The big real estate brokerages released their 2008 4th quarter reports, and here's how the NY Times put it: "For those New Yorkers who wondered what the Manhattan real estate market might be like without the ever-rising bonuses of Wall Street’s elite, the answer is now emerging: an abrupt decline in transactions, tottering prices and buyers who are still looking but unwilling to sign a contract. "

The Real Deal gives some context, "For the first time in 10 years -- with the exception of a brief blip in 2006 -- the median price of resale apartments fell from the prior year quarter," according to Jonathan Miller, of real estate appraisal firm Miller Samuel, who prepared Prudential Douglas Elliman's Manhattan market report. He also told the Real Deal that market condition "were actually even worse than the reports show," because the number of signed contracts (not counted in the quarterlies) "has declined anywhere between 35 and 75 percent from the same period last year." Plus, contract prices showed a 20% decline last quarter. Miller told the Wall Street Journal, "The Manhattan market ... has clearly entered a new period of lower sales activity and overall declines in prices."

Streeteasy.com gave a bunch of grim stats to the Daily News: Resale prices are falling for condos (-9.5%) and co-ops (-5.2%), price cuts skyrocketed, and there were almost 20% more listings last quarter. Plus:

  • "These neighborhoods saw the most price cuts: Beekman (50.6% of listings cut prices), Manhattan Valley (45.7%), East Village (43.1%), Central Park South (41.9%), SoHo (41.7%)."
  • "These neighborhoods saw the deepest price cuts: Clinton (10.93% was the average discount), Tribeca (10.83%), Flatiron (10.35%), Central Harlem (8.58%), East Harlem (9.98%)"
Streeteasy VP of Research Sofia Kim said, "Buyers now have a 'wait and see' approach in buying real estate. We are hearing about 'all cash' deals being done with liquid buyers connecting with motivated sellers. The bottom line is that you need to offer a compelling deal for activity in this market."

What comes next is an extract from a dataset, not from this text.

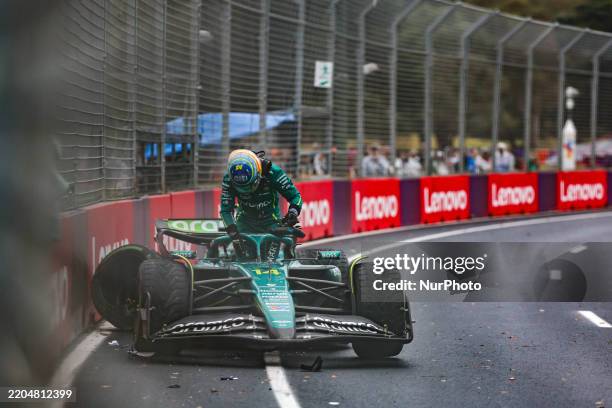 Fernando Alonso of Spain and the Aston Martin Aramco F1 Team crashes during the Race of the F1 Grand Prix of Australia at Albert Park Circuit in...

Curbed breaks out details from the brokerages' reports. One thing to keep in mind: The average price of Manhattan sales is still pretty high and steady (around $1.5 million), thanks to high-end new luxury development sales.


Comments (10) [rss]

"But President Obama, I thought parties never end," said the developer.

I don't think you're going to see a ton of upside-down mortgages like in FL and CA, but the prices really were too high. I mean come on, you had people regularly asking $1+ million for studios in their "high-end" buildings.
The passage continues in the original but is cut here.